The Israeli Military-Industrial-State Complex

On our last radio episode, Persephone made a case that countries that sell weapons around the world as a big revenue source have a conflict of interest on fostering peace, in that it might affect their export revenues.

In many of the British examples we discussed, the sales are generally from private firms. In the United States, it’s a mix of private sales versus government discounted arms transfers and surplus equipment sales to allied armed forces, for strategic and fiscal reasons. A country’s government has an especially strong incentive to sell weapons to other countries when it devotes significant expenditures to research and development of the weapons. It’s a way to make some of it back.

Haaretz, the Israeli newspaper, published an article today on the Israeli defense industry’s ramped-up production and foreign sales efforts during the recent bombardment, shielding, and ground operations against the Gaza Strip. Although there have been some major privatizations in recent years, much of the country’s defense industry is still composed of wholly-government-owned state enterprises. They have long been burdened with debt and were facing budget cuts. That means that if the companies — and by extension their government owners — were going to turn things around financially, they had a strong incentive to sell a lot of weapons to other countries. And as the article explores, through repeated examples, nothing sells a new weapons technology like real-life combat tests.

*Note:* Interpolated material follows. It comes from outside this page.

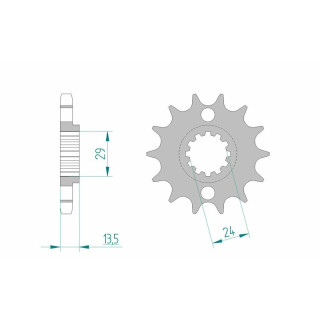 Pignon AFAM acier standard 24801 - 630 | Oxmoto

Some of the companies were even rushing brand new products off the assembly lines and into the field. And even as they were being deployed in the Gaza Strip, purchasers were flocking to Israel for explicit sales pitches, Haaretz reported:

“For the defense industries this campaign is like drinking a very strong energy drink — it simply gives them tremendous forward momentum,” says Barbara Opall-Rome, Israel bureau chief for the U.S. magazine Defense News. “Combat is like the highest seal of approval when it comes to the international markets. What has proven itself in battle is much easier to sell. Immediately after the operation, and perhaps even during, all kinds of delegations arrive here from countries that appreciate Israel’s technological capabilities and are interested in testing the new products.”

From new light arms ammunition to new tank shells and tank defenses, Israel’s private defense firms (which have excellent lobbyists and ties to the government) and public state defense companies (which are expected to minimize balance sheet losses and turn a profit for the government if possible), there’s a lot of really warped policy incentives in favor of pursuing a very aggressive, even hair-trigger “defense policy” in the Palestinian Territories.

Similarly, with highly experimental, very expensive, and very re-sellable technologies like a missile defense system co-designed by a state defense company, it could be suggested that goading an entity into firing daily barrages of missiles at a shield that will catch virtually all of them is an excellent way to prove to buyer countries that they should purchase the system for their own defense needs.

A country with big, financially struggling, government-owned defense firms puts itself under a lot of pressure to enable situations that will allow for combat demonstrations to foreign observers who can buy products and put money back in the government coffers (or at least reduce the need for direct budget expenditures). It’s possible to resist that pressure, but it’s there.

It’s hard to make peace when your finances are aligned in favor of making war. That’s true to some extent with the United States and many of the other countries we mentioned on our radio segment. But it’s particularly worrying with regard to Israel, where government and the defense industry are even more intertwined.